Overseen by Keep Pinellas Beautiful, BeBot will visit 14 locations this month, from Clearwater to St. Pete Beach. The remote-controlled robot collects small pieces of litter — cigarette butts, plastic straws, bottle caps, food wrappers and more.

“You wouldn’t believe the amount of trash that we found. It’s astonishing,” said Patricia DePlasco, executive director of Keep Pinellas Beautiful, a nonprofit that focuses on environmental cleanup. “We look across the beach and we think we have a nice clean beach and we don’t realize what’s under that top layer of sand.”

DePlasco and a team of about 30 volunteers gathered Thursday at an Indian Shores beach to watch a BeBot demonstration.

The white robot, about the size of riding lawnmower, chirped as its large black treads rolled over the beach. A metal grate at the rear shook and vibrated, sifting through the sand and transferring larger particles of trash into a back compartment. After BeBot dumped its collection onto a blue tarp, some volunteers sorted the trash into labelled plastic tubes. Others fanned out over the beach to collect debris.

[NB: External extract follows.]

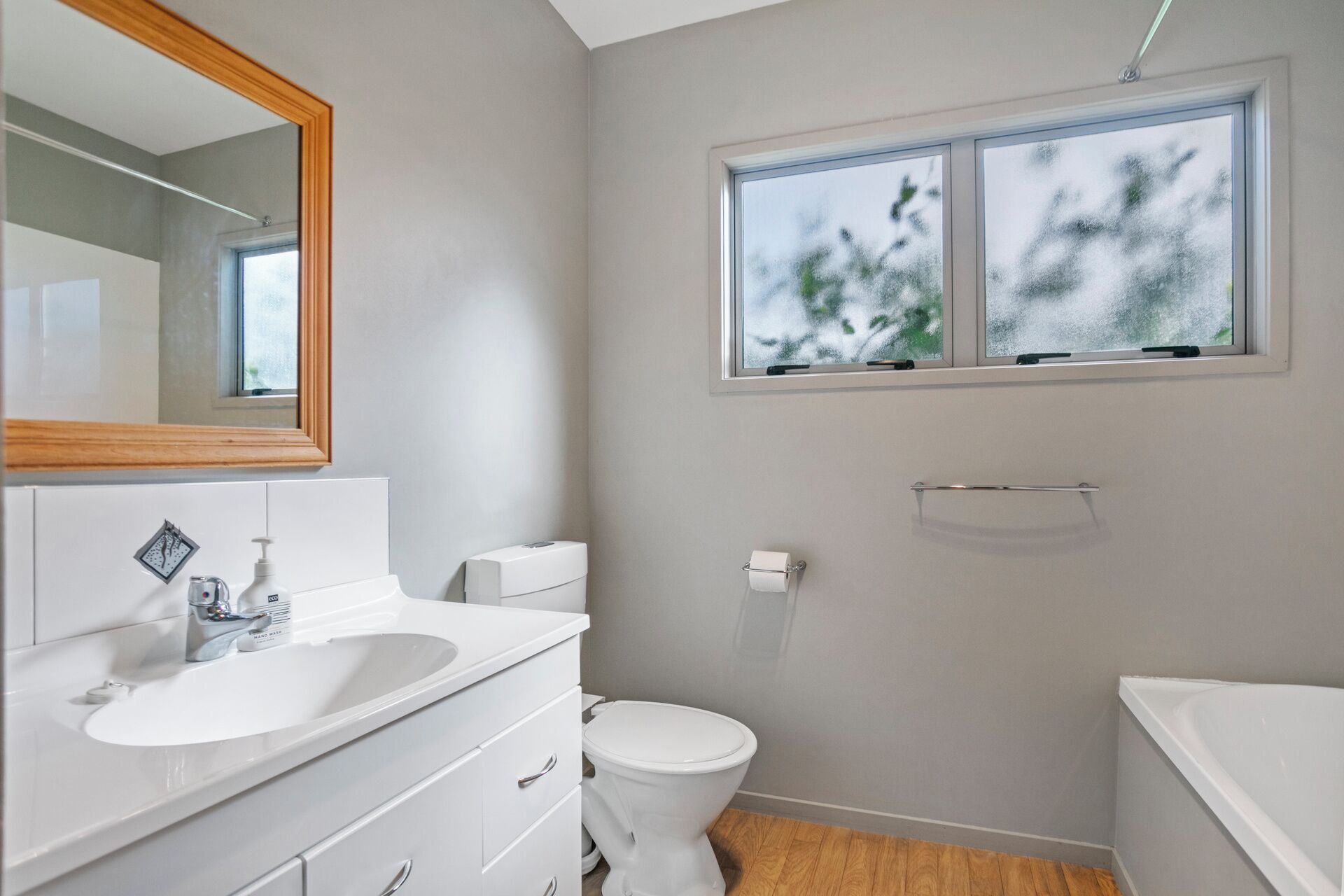 Un baño moderno con lavamanos, inodoro y bañera blancos. Hay un ventanal sobre el inodoro y un espejo sobre el lavamanos.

Developed by Poralu Marine, BeBot is fully electric, weighs more than 1,300 pounds and can clean up to 32,000 square feet in an hour — about the size of seven basketball courts. It was purchased for $68,000 by Surfing’s Evolution & Preservation Foundation and donated to Keep Florida Beautiful, the parent organization for Keep Pinellas Beautiful.

BeBot has been circulating among the various Keep Florida Beautiful chapters, with a stop in Brevard County last month and a visit to St. John’s County set for later this summer.

DePlasco doesn’t plan on acquiring more robots. BeBot’s main purpose is to raise awareness about the smaller pieces of trash that often go overlooked, not to replace human cleanups.

Paul Mitchell, operations manager for Keep Pinellas Beautiful, uses remote control to guide BeBot, a robot manufactured by Poralu Marine, on Thursday, July 14, 2022 in Indian Shores. The machine sifts through the 2-inch top layer of sand to find hidden debris on beaches. (Aya Diab/TNS)

“We’re hoping that people will be more mindful and help us to keep Pinellas beautiful,” she said. “The BeBot is a really neat machine. It isn’t the end-all, be-all. But it’s a great conversation starter.”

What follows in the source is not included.